I’m en route, for the first time in nearly a year, on the long subway ride between boroughs. Early in the morning when everyone is exceptionally grumpy and dazed, fading in and out, folded over sleeping or barely hanging on to a pole, with eyes shut tight and white wires hanging from each ear, I’m hanging onto wakefulness to take advantage of this long stretch of time to read. I’ve forgotten how long this ride is – two hours from the land of Bronck to the bay of sheep’s heads in King’s County – how even an express train can take a little over an hour to get to Union Square, how it compresses to a halt and manically accelerates between express stops – how it slows down at 149th-Grand Concourse to wait for another train and then leaves it behind, as if taunting it – how people shuffle around a crowded subway car giving just enough room for others to edge out before rushing into the vacuum left behind.
I’m convinced that riding the subway puts you in a very primal survival mode, especially during rush hour – like you’re trapped in some kind of metal-tube jungle and everyone is out to get you. Your prey is the vacant seat and your competition is every other passenger.
The evacuation from the train is a haptic dance between stationary passengers, sleepers whose legs take over the aisle and those with wandering eyes looking to snatch the next recently departed seat. Your comrades en route are just as eager and ready to bee-line for the exit. It’s just a matter of time before the doors slide open and an onslaught of ornery passengers pour out looking for their next transfer, or if they’re lucky, fresh air; while another set – grumpy and anxious – are waiting on the platform ready to conduct a full on assault on the open doors.

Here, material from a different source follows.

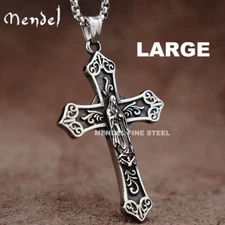 MENDEL Mens Large Big Catholic Virgin Mary Cross Pendant Stainless Steel For Men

I felt fairly out of practice – people were whipping by me before I could orient myself among the dozens of signs telling me to go in every possible direction. One of the most precious parts about this commute is the nearly empty Q train that arrives at Union Square, newly vacated at Times Square a stop before. I’m finally riding against rush-hour traffic, because who leaves the Lower East Side to get to the butt-end of Brooklyn at eight in the the morning? But what’s better is the slow trolley-like ride over the Manhattan Bridge, especially in the early morning winters when the sky is still splashed orange-red with the sunrise and everything between the river and the glass walls lining the FDR is glittering.